Files
openrun/ROADMAP.md
2026-05-19 08:34:22 -04:00

14 KiB
Raw Blame History

openrun — roadmap

Living backlog. Items are grouped by phase; within a phase, top to bottom is rough priority. Each item names its test plan alongside the implementation so they ship together.

This isn't a contract. If something turns out to be harder, smaller, or pointless once we're in the code, edit it here rather than rationalise away.


Phase 0 — test scaffolding (prerequisite, one-time)

The codebase has no tests/ directory and no pytest in pyproject.toml. Everything below assumes this is in place first.

  • Add pytest + a minimal tests/ layout. Add pytest and pytest-cov to [dependency-groups.dev] in pyproject.toml. Create tests/{unit,integration,fixtures}/. A tests/conftest.py should expose a shared tmp_conn fixture that builds an in-memory SQLite via openrun.db.connect(":memory:") (so the live data/garmin.db is never touched).

    • Test plan: N/A — this is the test plan.
    • DoD: uv run pytest exits 0 with one trivial passing test.
  • Pin a tiny fixture set. One .fit (~5 MB workout), one Takeout summarizedActivities snippet (~3 activities), one Connect-format snippet, one of each daily wellness JSON. Anonymise; commit under tests/fixtures/. These back every test below.

    • DoD: Each fixture has a one-line tests/fixtures/README.md entry recording its provenance + what it exercises.

Phase 1 — code gaps (existing functionality)

1.1 Takeout export doesn't ingest splits — RETIRED (premise wrong for current account)

ingest/garmin_export.py only handles summarizedActivities. Lap detail in Takeout lives in <activity_id>_<name>.json under DI-Connect-Fitness/

Finding (2026-05-18): the actual Takeout dump for this account contains zero per-activity lap-detail JSONs under DI-Connect-Fitness/ — only summarizedActivities, personalRecord, trainingPlan, workout, gear. Lap data is only retrievable from the FIT files via link_fit_files.py (Path B sync also pulls it directly from /activity-service/activity/{aid}/splits). If a future Takeout shape does include <activity_id>.json lap files, reopen this item; until then the assumption that drove it doesn't hold.

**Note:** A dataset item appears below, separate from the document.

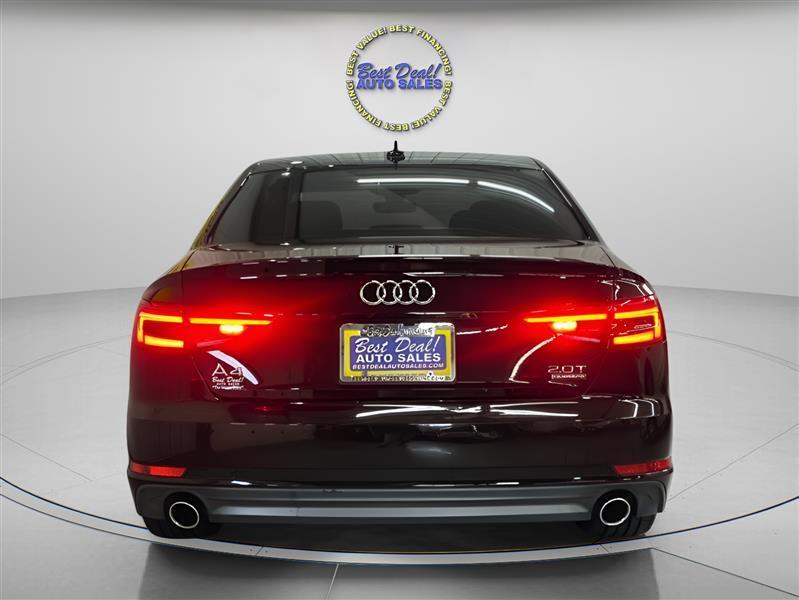 Audi A4 2.0T Premium Plus quattro Sedan 2017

1.2 Unhandled Takeout JSON categories

project_takeout_export_quirks.md lists files we currently unrecognized: HydrationLog, TrainingReadinessDTO, EnduranceScore, HillScore, RunRacePredictions. Each is a new SQLite table + dispatch entry. Skip HydrationLog (low value), prioritise TrainingReadinessDTO (Garmin's own readiness score — useful for comparing against derived TSB) and RunRacePredictions (a free baseline for the projected-PMC plan).

  • Test plan: per category, test_garmin_export.py::test_handle_<category> fixture-driven insert; one schema-roundtrip test (SELECT * returns the same values).

1.3 fit_linker can't disambiguate near-simultaneous activities — DONE

Implemented warn-and-skip on collision: link() tracks linked_aids: dict[int, Path]; the second FIT to match an already-linked activity is logged on stderr and skipped (count surfaced in summary). Pure _match_activity helper extracted for unit-testable tolerance/closest-pick behaviour, and link() accepts a fit_iter= injection point so tests avoid the FIT-parsing path. See tests/unit/test_fit_linker.py.

1.4 handle_fit silently drops FITs with no parseable activity-id chunk — DONE

Main loop now counts FITs whose stem has no 8+-digit chunk and prints a one-line n FITs skipped … run openrun-link-fit <root> for Takeout-style exports hint. The activity-id extraction is now _activity_id_from_filename, with five unit tests covering classic/Takeout/year-prefix/empty cases, plus a subprocess end-to-end test of main().

1.5 _resolve_fit_path is fragile (decided: absolute paths) — DONE

Switched to absolute paths everywhere. fit_linker.record_link is a small shared helper used by both ingest paths and stores str(p.resolve()). relink(conn, new_root) walks a moved export by basename and rewrites the table; CLI flag is openrun-link-fit <new_root> --relink. _resolve_fit_path collapsed to a one-line existence check that raises with the relink hint on miss. The dead fit_search_paths config field (and matching [ingest] block in openrun.toml) was removed. Live DB migrated (349 paths rewritten, 0 unmatched).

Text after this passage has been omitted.